This is a follow-up question on a previous question of mine that had a negative answer. I tried some examples and believe the following has a chance to be true.

Let $V$ be a finite-dimensional vector space and consider the space $X=V\times V\times V\times V.$

Consider the block matrix

$$A = \begin{pmatrix} A_1 & A_2 \\ A_2^* & -A_1\end{pmatrix}$$

where $A_1:V^2 \to V^2$ is a diagonal matrix $A_1 = \operatorname{diag}(0,\lambda)$ for $\lambda \in \mathbb C$ and $A_2: V^2 \to V^2$ a matrix that shall not be further specified.
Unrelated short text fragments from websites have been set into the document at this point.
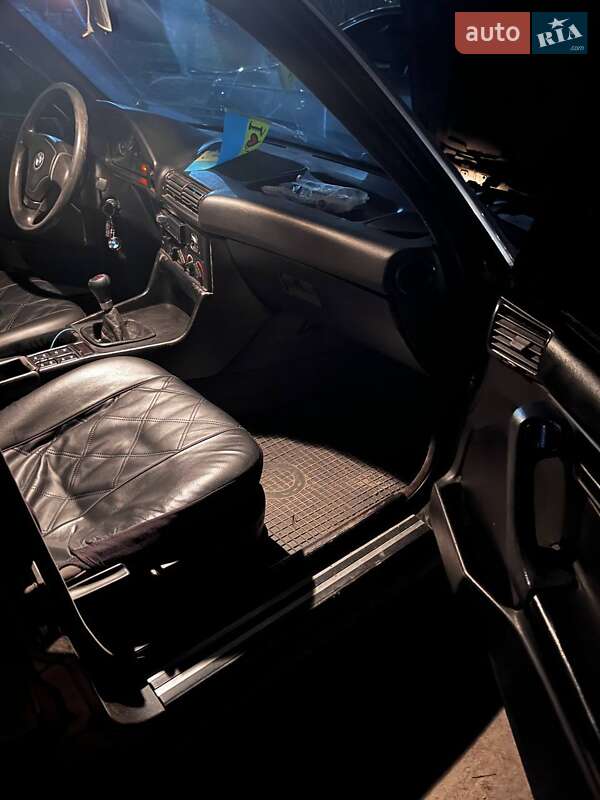 Седан BMW 5 Series 1989 в Днепре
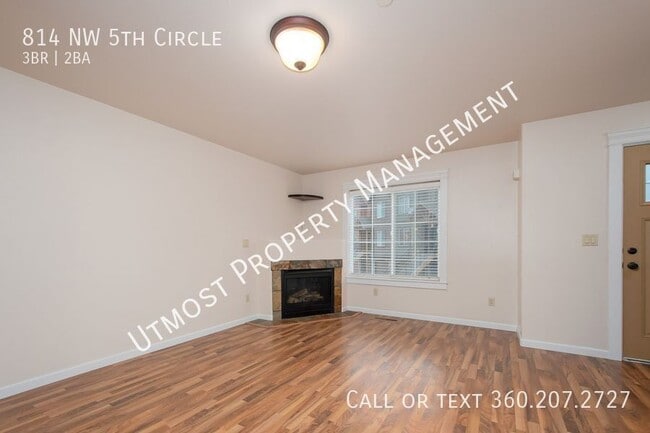 Photo - 814 NW 5th Cir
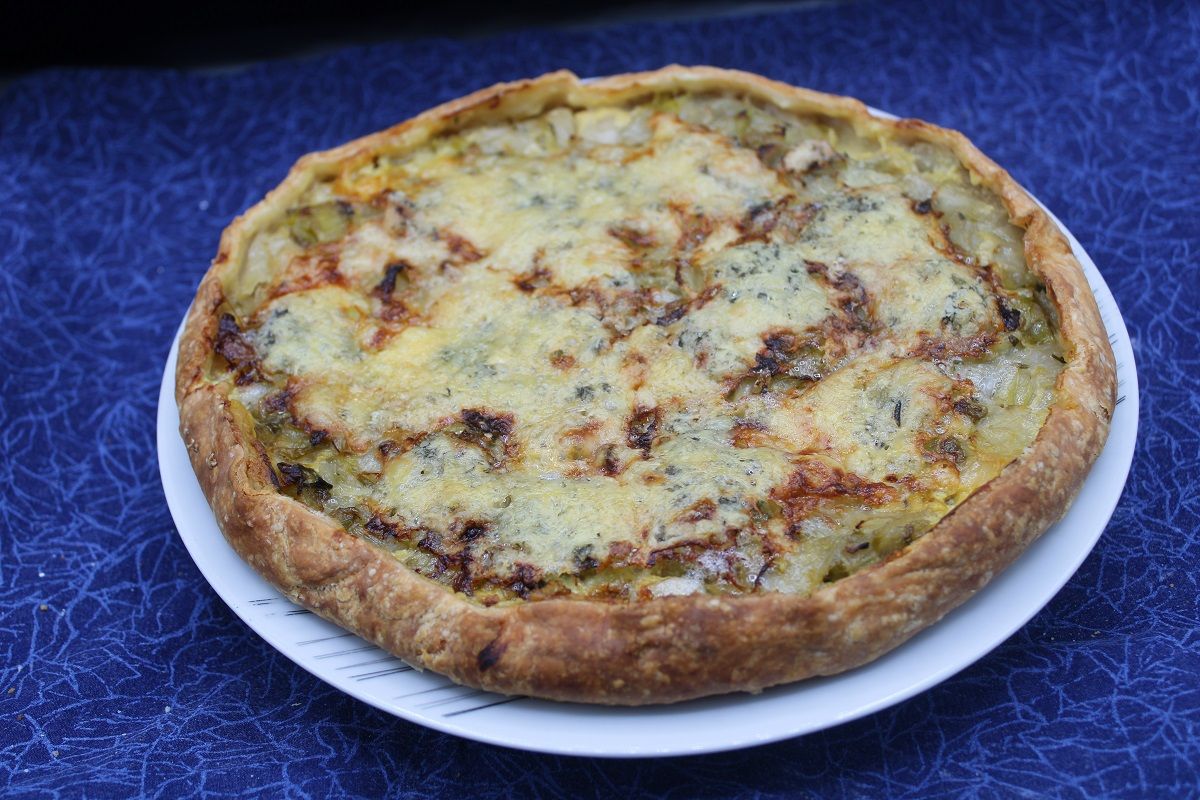 Tarte rustique aux endives et à la fourme de Montbrison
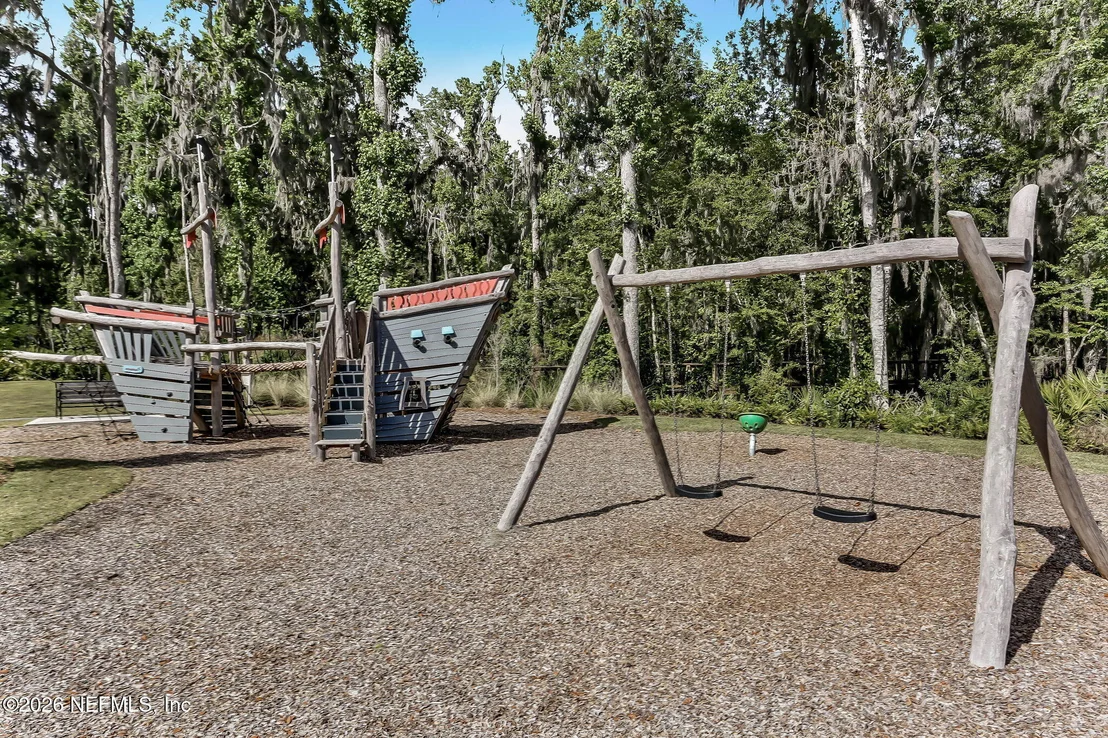 Photo of 225 CLOVERBROOK Road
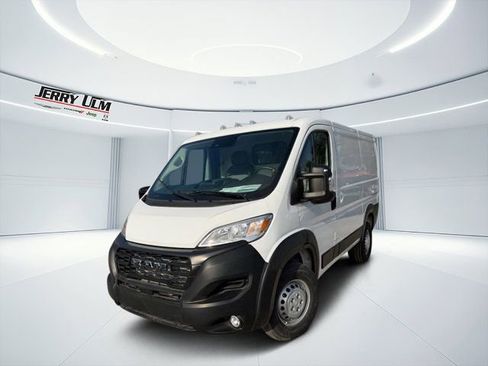 New 2026 RAM ProMaster 1500 w/ Convenience Group image 7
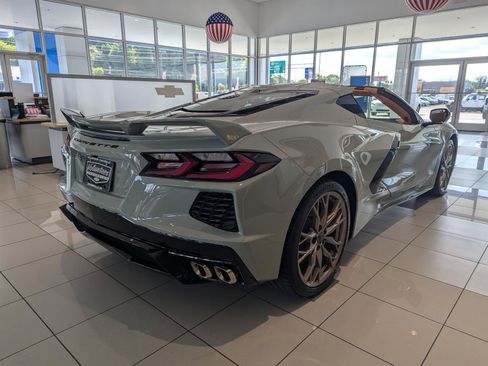 Used 2024 Chevrolet Corvette Stingray Premium Cpe w/ Z51 Performance Package RWD image 7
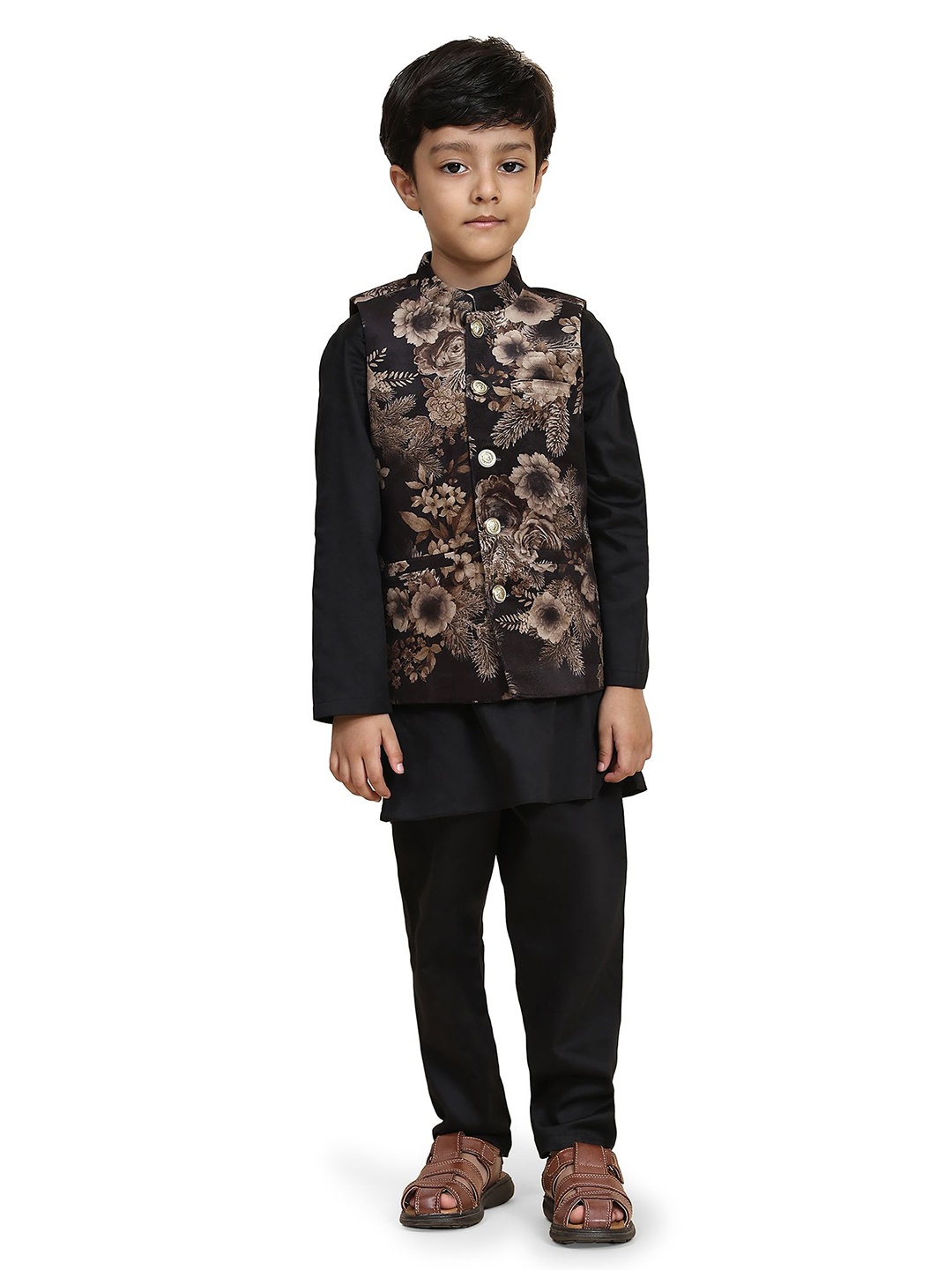 

BAESD Mandarin Collar Long Sleeves Pure Cotton Kurta With Pyjama & Nehru Jacket, Black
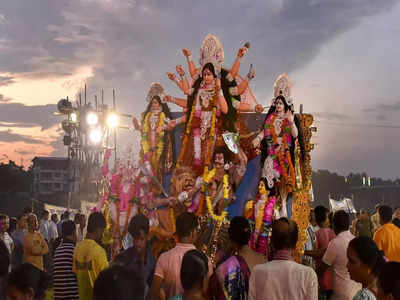 Vijayadashami 2022: কৈলাসে ফিরলেন উমা, বিজয়া দশমীতে বাংলার মনে এখন বিচ্ছেদের সুর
We then consider $$K=(A-\lambda)^{-1}.$$

Question: Can we express the resolvent in the form

$$K = \begin{pmatrix} T_1(\lambda)(T_2-\lambda)^{-1}+T_3(\lambda)(T_4-\lambda)^{-1} & * \\ * & T_5(\lambda)(T_6-\lambda)^{-1}+T_7(\lambda)(T_8-\lambda)^{-1}\end{pmatrix}$$

where $T_1,T_3,T_5,T_7$ are some matrices that are entire functions of $\lambda$ and $T_2,T_4,T_6,T_8$ are independent of $\lambda$. In addition, $*$ are elements I do not really care about, so they are allowed to be anything.